Tuesday, June 14, 2005

Early Radio Training

Waco Times-Herald
October 13, 1935

Untrodden Field is Being Explored by Baylor Class

Few Textbooks on Radio Speaking, So Paul Baker and His Students Go on Their Own

With only 10 or 20 books so far written in the United States on radio, Paul Baker and his radio speech class of 22 at Baylor university are having to make their rules as they proceed on what to do to be a radio success.

"Some of the people who are having radio careers now know what they're doing and why they please audiences," says Baker, "but most of them don't. The general rule is, try out and if you have a good speaking voice, go on with your career. If you don't, stop. We want to find out what makes pleasing voices, how to train them, and what to do after we get them."

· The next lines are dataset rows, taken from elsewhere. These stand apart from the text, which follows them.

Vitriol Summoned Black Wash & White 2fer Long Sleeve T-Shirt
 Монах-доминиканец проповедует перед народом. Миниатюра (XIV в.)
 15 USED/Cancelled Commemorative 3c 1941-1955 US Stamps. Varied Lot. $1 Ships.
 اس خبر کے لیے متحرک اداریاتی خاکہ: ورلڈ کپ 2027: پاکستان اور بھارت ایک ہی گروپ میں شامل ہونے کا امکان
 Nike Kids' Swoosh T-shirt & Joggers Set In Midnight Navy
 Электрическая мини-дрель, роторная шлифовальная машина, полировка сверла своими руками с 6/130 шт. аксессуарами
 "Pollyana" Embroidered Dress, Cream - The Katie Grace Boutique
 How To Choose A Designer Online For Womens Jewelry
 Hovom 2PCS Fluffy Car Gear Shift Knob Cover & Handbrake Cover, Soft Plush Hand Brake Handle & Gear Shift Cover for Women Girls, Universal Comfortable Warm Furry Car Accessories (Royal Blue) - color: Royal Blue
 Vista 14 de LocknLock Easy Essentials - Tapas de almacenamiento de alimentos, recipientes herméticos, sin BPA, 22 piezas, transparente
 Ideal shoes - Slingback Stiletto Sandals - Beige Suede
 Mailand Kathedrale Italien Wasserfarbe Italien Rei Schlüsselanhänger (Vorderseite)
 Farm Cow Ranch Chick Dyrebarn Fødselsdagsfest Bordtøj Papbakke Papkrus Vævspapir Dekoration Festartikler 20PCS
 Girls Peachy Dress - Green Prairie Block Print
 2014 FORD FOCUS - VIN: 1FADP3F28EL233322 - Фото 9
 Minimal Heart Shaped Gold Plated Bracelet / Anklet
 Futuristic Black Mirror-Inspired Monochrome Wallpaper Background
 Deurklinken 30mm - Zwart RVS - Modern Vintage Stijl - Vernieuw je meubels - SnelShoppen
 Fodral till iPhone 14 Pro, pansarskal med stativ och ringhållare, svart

Consequently, he is having all 22 students write skits, chiefly concerned with the humor, drama and sweep of college life and these are presented in the old Baylor chapel -- the one practically forgotten on the third floor of the main building, one of the cupolaed oldest buildings on the campus. Until a few years ago, this auditorium -- once large enough to accommodate the entire student body, now scarcely able to hold a fraction of it -- had old-fashioned mottoes in Latin painted on the walls, gravely informing students that "dulce et decorum est mori pro patria" and reminding them that Baylor was "pro eccesia, pro Texana."

Baker had a decorator from New York suggest plans for refinishing the auditorium. The class furnishes its own performers, skits, audience and critics in programs broadcast no further than the auditorium now, but later will broadcast by remote control from station WACO.